Pramas on the OGL

Voadam said:
Perhaps for me personally? I just said so in the post you were responding to. Please don't imply that I'm a liar. ;)

I think the examples you use argue the other way actually.

Prior to the OGL there was GURPS Conan. A person looking to play in a Conan RPG picking up the Conan book would get GURPS stuff and probably will get GURPS supplements like GURPS Fantasy Bestiary to supplement their game instead of D&D stuff. After they have played their conan campaign if they want something more they will have learned and be familiar with GURPS rules and are more likely to go on to different GURPS stuff.

With OGL Conan a person starting with Conan will be familiar with basic D&D rules and might buy WotC D&D products that are fairly compatible to support their Conan game. Setting supplements will be Conan ones, but if they want more monsters or traps they must look to D&D type books such as the monster manuals. If after playing Conan they are looking for something different they will be familiar with D&D rules and the various D&D options which makes entering and switching to D&D easier.

So for people who start with a Conan RPG having an OGL Conan game seems significantly better for WotC.

With Ptolus it is a third-party D&D city setting with its own outer world and cosmology, but also designed to be fairly easy to plug into other campaign worlds. The group still needs a PH, DMG, and MM.

Malhavoc's Ptolus stuff includes: Ptolus, Player's Guide to Ptolus, Secrets of the Delvers (collected miscellanea), Banewarrens (a midlevel module), Night of Dissolution (mid level module), and Chaositech (evil power sourcebook). There is also a module by Fiery Dragon, some counters by Fiery Dragon, and some maps by Skeleton Key Games. I can't think of anything else.
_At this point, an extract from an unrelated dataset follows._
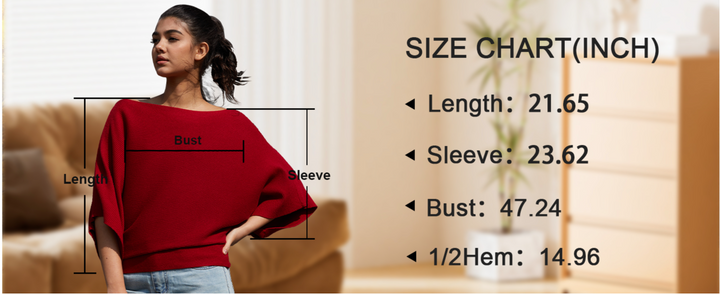 Mom & Me Matching Batwing Sweater – Soft Stretch Boat Neck Knit Pullover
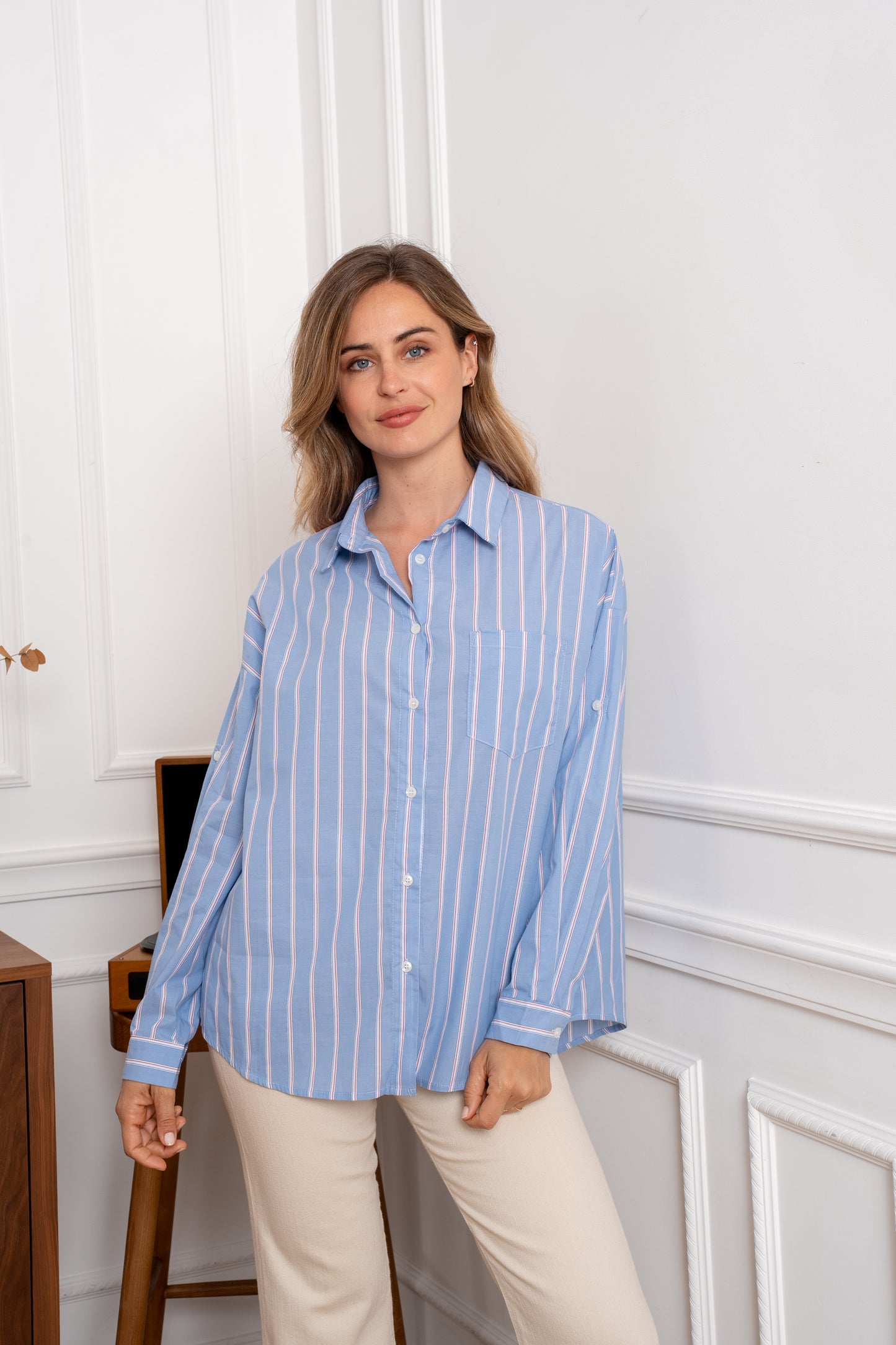 Chemise Alba – Chemise rayée oversize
There are other Malhavok support products that occupy the same niches as some WotC products, but there is no reason to exclusively use Ptolus or Malhavok stuff when playing a Ptolus campaign. Anyone who plays Ptolus as written is playing D&D, has bought D&D stuff, and has reason to keep buying D&D stuff. The Malhavoc Ptolus branded player support material is a single product, the free Player's Guide to the City. Malhavc's other player support materials are not Ptolus specific but generic D&D products. Malhavoc's Complete Book of Eldritch Might and WotC's Spell Compendium both support a Ptolus campaign and a purchaser wanting a lot more spells will get both or either for their D&D game, and the Spell Compendium is more widely available.

If they want player or DM support material there is a ton of applicable support material from WotC for them to buy. Also, if they want to move on from the City of Ptolus it is easy to transition to WotC settings like Forgotten Realms, Greyhawk, Eberron, or Dragonlance. If they want to go to another D&D city they can easily transition to gaming in WotC's Waterdeep, Sharn, or Stormreach.
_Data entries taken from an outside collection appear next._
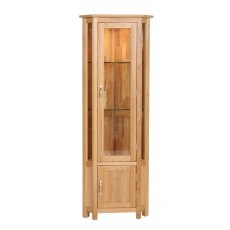 Devonshire New Oak Corner Display Cabinet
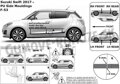 Suzuki Swift od 2017 - ochranné lišty dverí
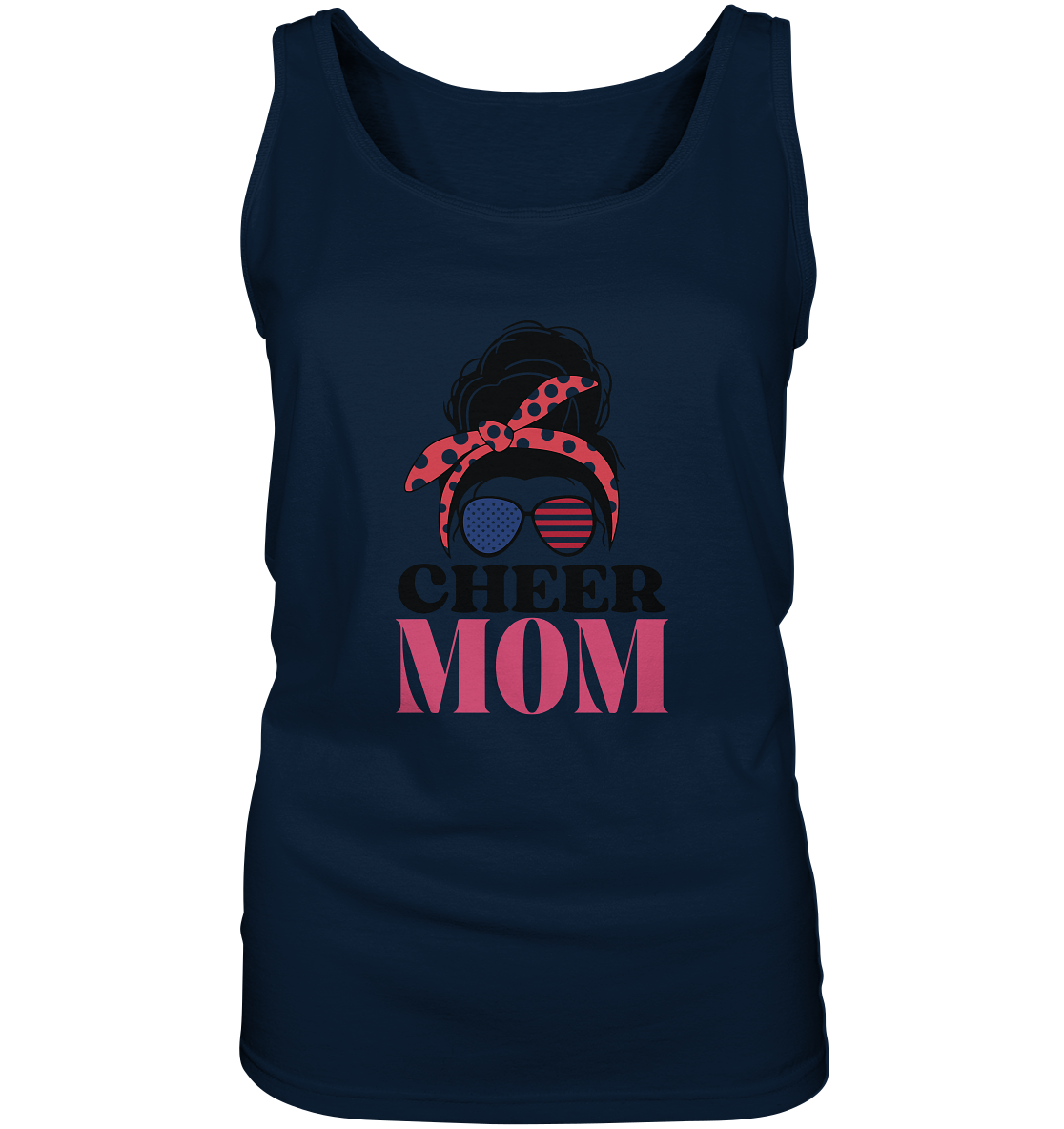 Cheer Mom Sunglases - Ladies Tank-Top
It does not seem that groups starting D&D using OGL Ptolus as their setting will be a bad thing for WotC selling D&D products.

The closest argument is for OGL games that are essentially different mechanical games than D&D, such as Mutants and Masterminds or OGL Runequest.

People starting with M&M don't have a lot of WotC products that can supplement their game and have a bit of a jarring mechanics transition if they want to switch to D&D. There are similiarities in having saves, attack rolls, etc. but it is not as easy a transition as closer mechanical stand alone OGL games such as Arcana Evolved. Even so it is closer to D&D than HERO or Marvel Superheroes, for examples, and therefore seems still to be a net benefit for WotC.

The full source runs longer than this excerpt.